Week 1 Post 4 - Free Write - Reading Chapter 3


Picture courtesy of Creative Commons at

I read the chapters of the book, a few days back and to be honest I usually remember the material that is assigned for a short amount of time. That did not happen with the material from this week. Like an annoying bug flying near your ear it keeps popping into mind and causing me to reflect on the message. The chapter that keeps coming into my head over and over is Chapter Three, Giving Yourself an A.
The Zandars’ begin the chapter by talking about how they figured a way to give the students in a class a guaranteed A in exchange for taking risks and writing a letter at the end. The idea being that if students are encouraged to give up the pursuit of measurement thinking, as discussed in the previous chapter, then they are more inclined to take risks in their education. I have done something similar for years. It tell my students that they start with an A everyday, and by doing these simple things, they will keep it. I also compliment them whenever possible and pick my fights very carefully.

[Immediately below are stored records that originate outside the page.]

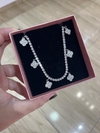 Colar van cleef prata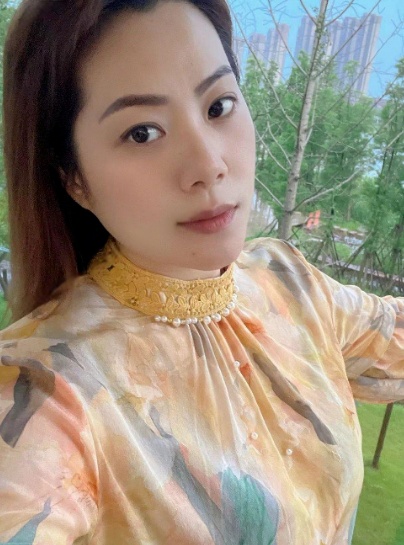 丰满型人妻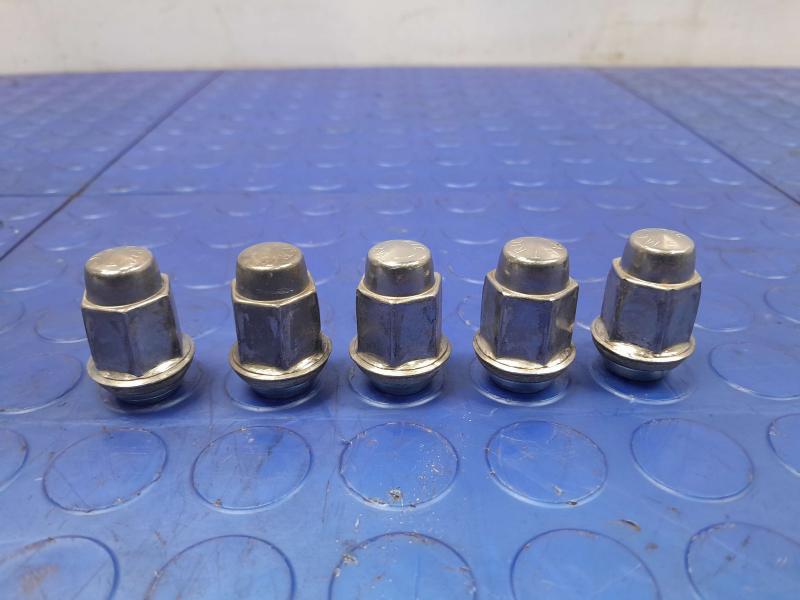 2016 Chevrolet Trax Lug Nuts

In doing so I “put money in the bank.” This is similar to giving them an A concept in that the students know that I will not come down on them, give them a bad grade or be against them unless they really mess up and they deserve it; at which point I make a withdrawal from the bank.
This is not the point that keeps haunting me though. It is the idea of giving myself an A. I am very willing to students, friends and loved ones an A everyday, but I rarely give myself one. I am usually caught up in measurement thinking and redouble my efforts and make that extra phone call, and write a little later than planed. All of this is an effort to think I have earned the A. The truth is that I have a good life; I have wonderful friends (especially in this program), I am good at my job and am respected by my students and colleagues and I am writing this on my patio where it is sunny and warm. Sorry east coast friends, I am not trying to rub it in. I am just asking myself the essential question of why won’t I give myself an A. I will keep asking until I do.

Zander, R. S., & Zander, B. (2000). The art of possibility (2nd ed.). Boston, MA: Harvard Business School Press.

1 comment:

  1. And enjoying the sun while pondering the questions of existence. Perfect.